[EXCERPTED DATA — start]
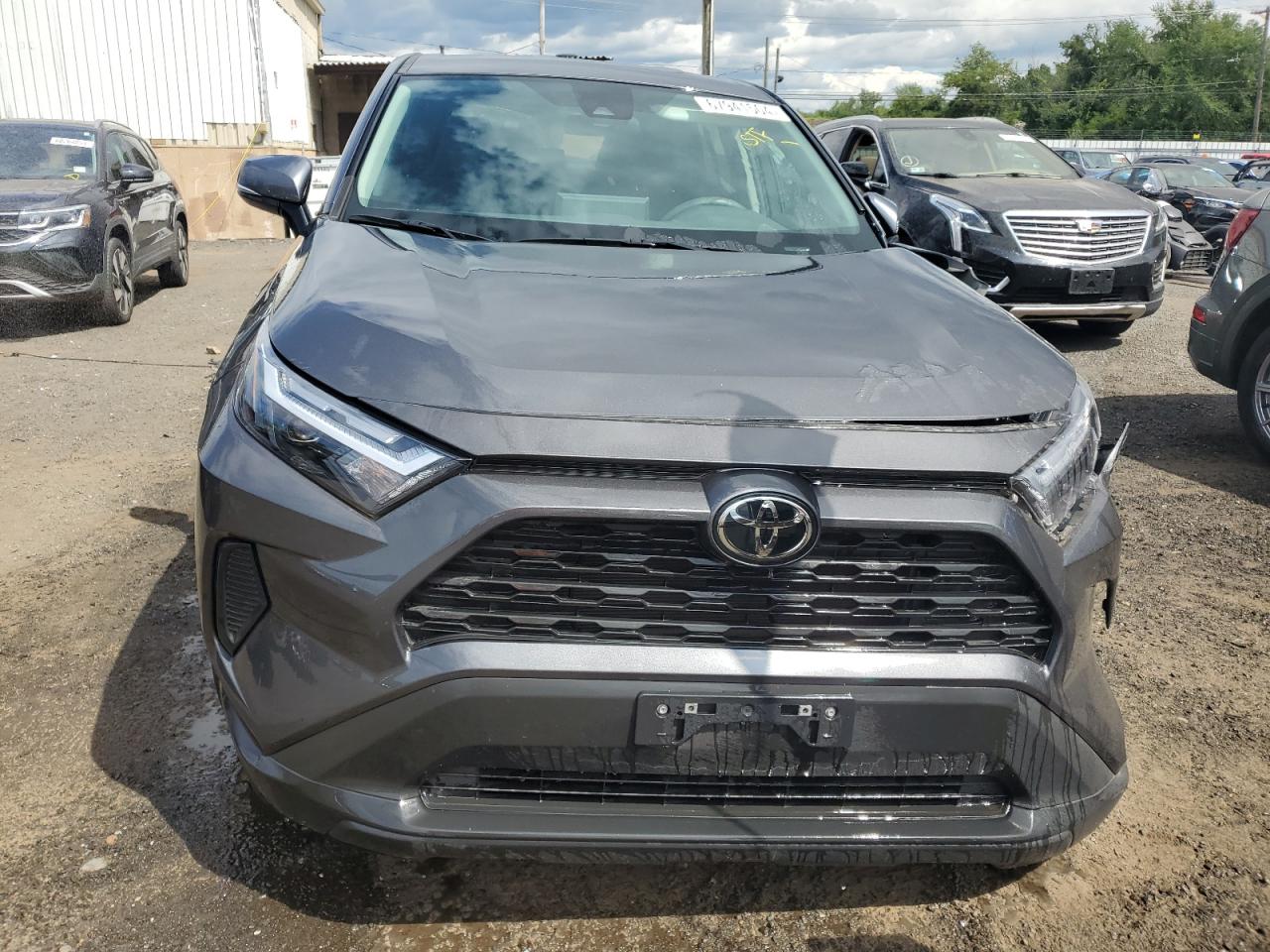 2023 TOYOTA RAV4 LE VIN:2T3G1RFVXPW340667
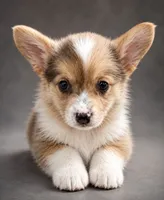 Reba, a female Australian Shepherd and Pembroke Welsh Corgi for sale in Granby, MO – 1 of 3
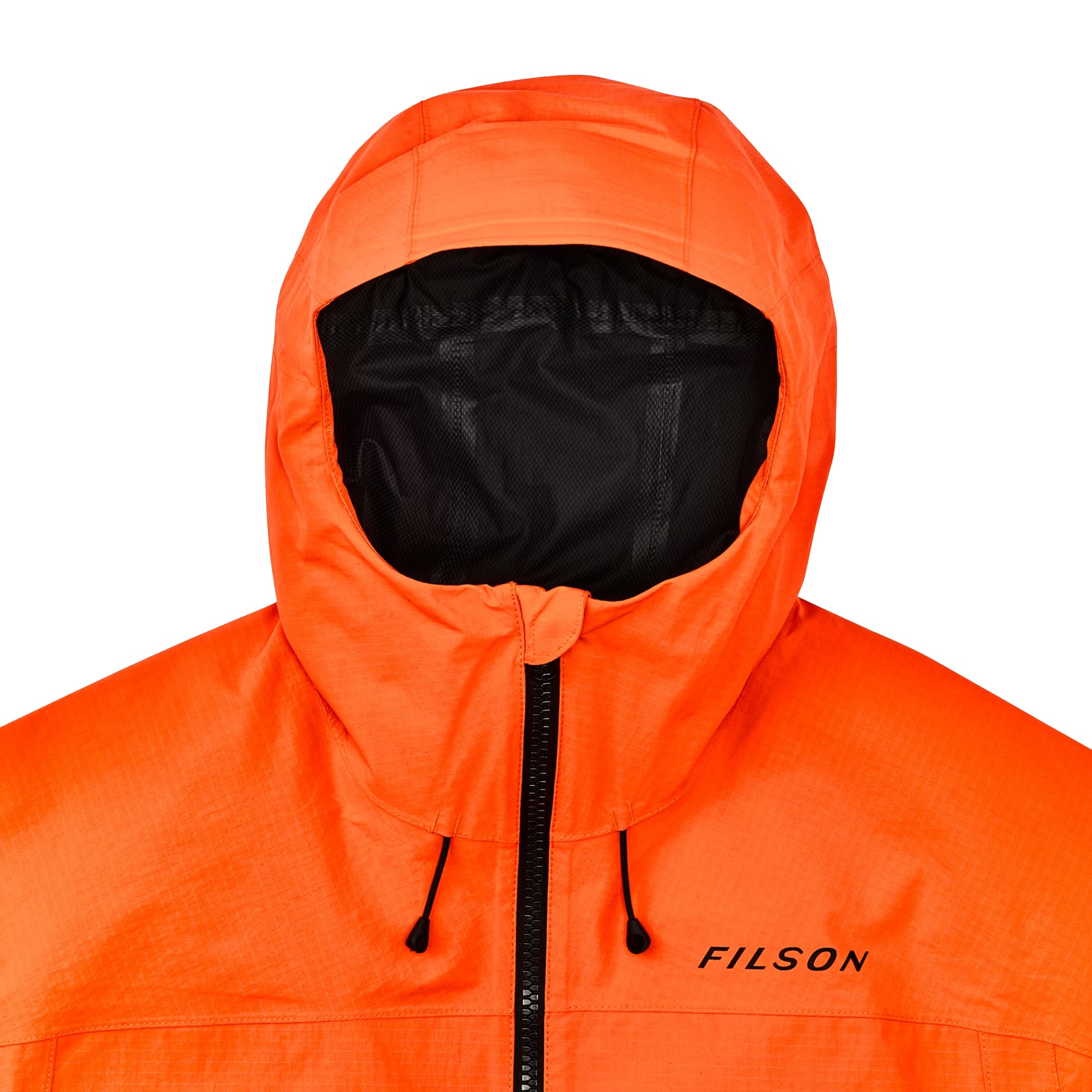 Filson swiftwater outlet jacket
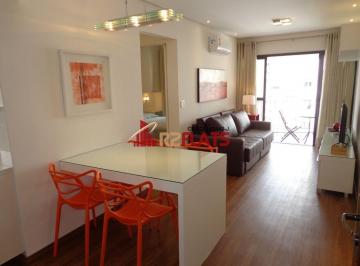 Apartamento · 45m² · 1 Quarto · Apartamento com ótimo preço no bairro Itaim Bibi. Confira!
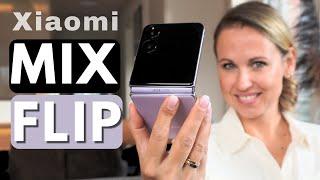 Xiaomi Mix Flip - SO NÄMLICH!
[EXCERPTED DATA — finish]
• PROBLEM
Return each record above as it stands. Pictures stay out.

• ANSWER FOR THE TASK
 2023 TOYOTA RAV4 LE VIN:2T3G1RFVXPW340667
 Reba, a female Australian Shepherd and Pembroke Welsh Corgi for sale in Granby, MO – 1 of 3
 Filson swiftwater outlet jacket
 Apartamento · 45m² · 1 Quarto · Apartamento com ótimo preço no bairro Itaim Bibi. Confira!
 Xiaomi Mix Flip - SO NÄMLICH!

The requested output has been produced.